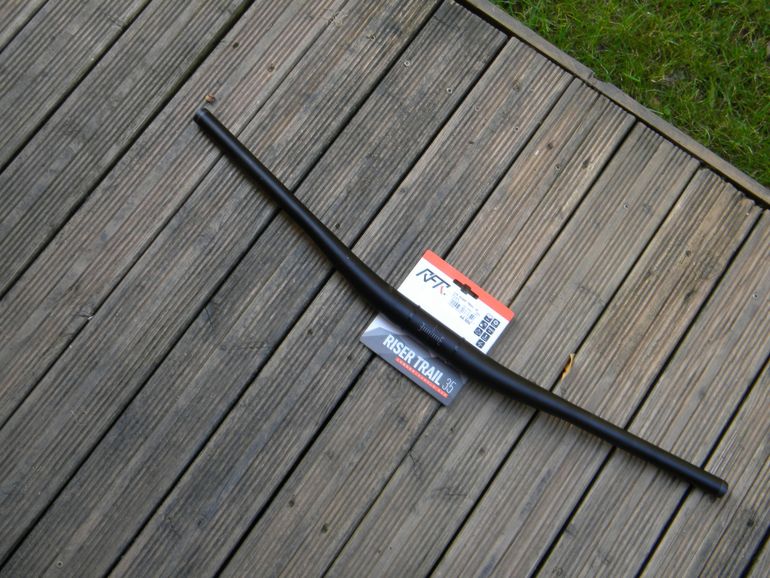 Used Cube RFR Handlebar Riser TRAIL 35 35 mm x 780 mm x 20 mm x 9° 2025 bike — image 1 of 8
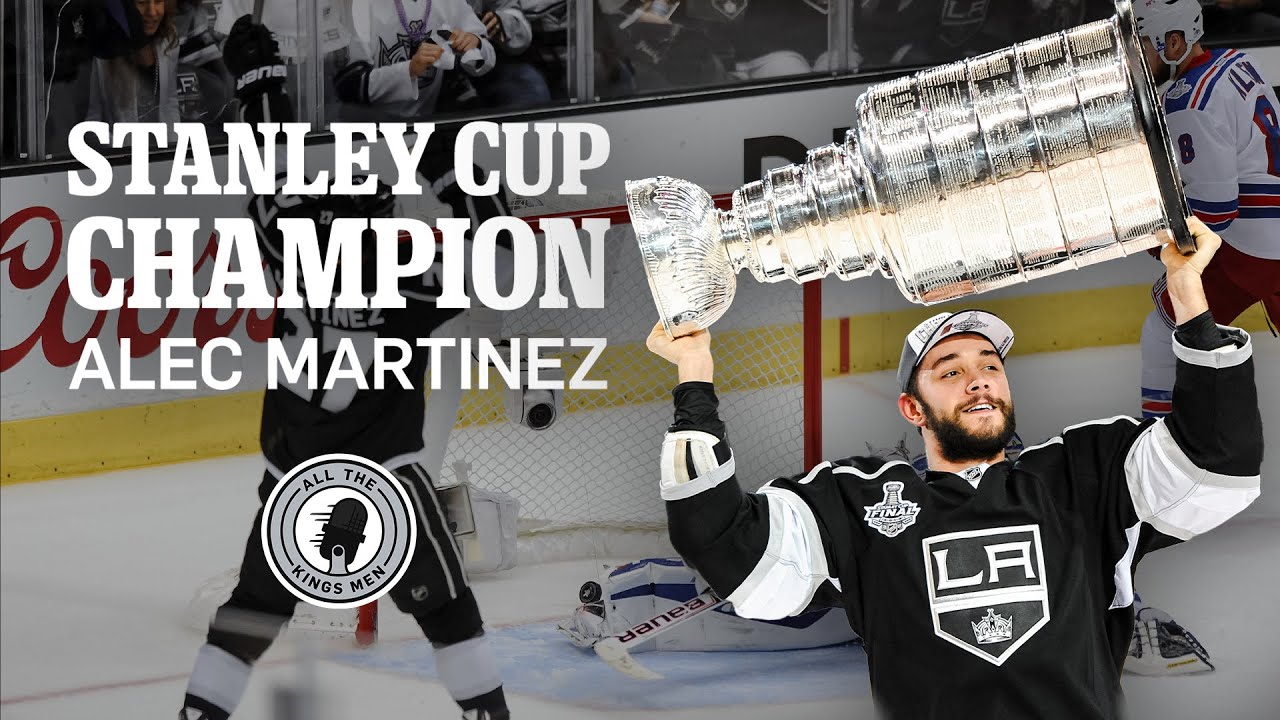 Best Memories from the 2014 Stanley Cup with Alec Martinez! | LA Kings x All the Kings Men
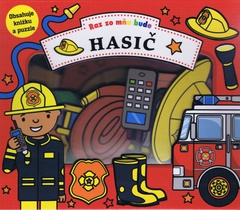 obálka: Raz zo mňa bude: Hasič, 2.vydanie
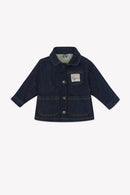 Jakke - Mefie mørk denim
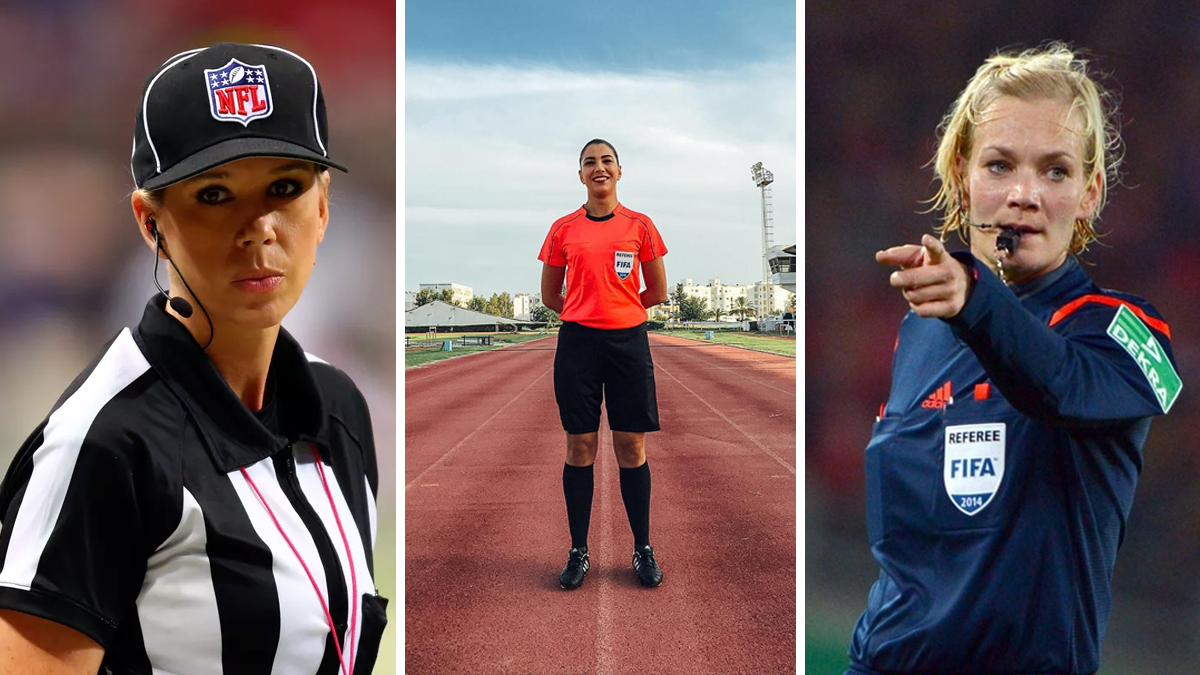 Qui sont ces femmes arbitres qui s'imposent en 1ere division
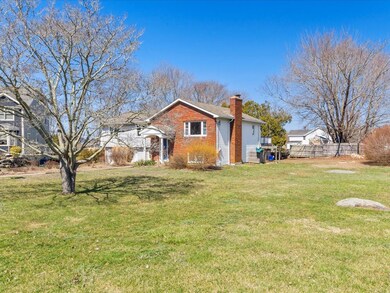 Big yard and play area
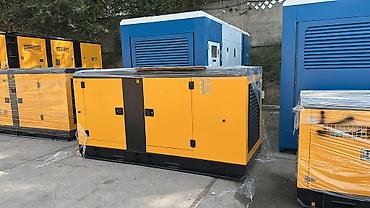 Оборудование для производства: Дизельный генератор GF3 100 kW в шумозащитном кожухе - Мощность: 100 — 8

Assignment:
Leaving the pictures aside, copy exactly and only the lines from the one holding "Jakke - Mefie mørk denim" through the final line of the data, both ends kept.

Task result:
 Jakke - Mefie mørk denim
 Qui sont ces femmes arbitres qui s'imposent en 1ere division
 Big yard and play area
 Оборудование для производства: Дизельный генератор GF3 100 kW в шумозащитном кожухе - Мощность: 100 — 8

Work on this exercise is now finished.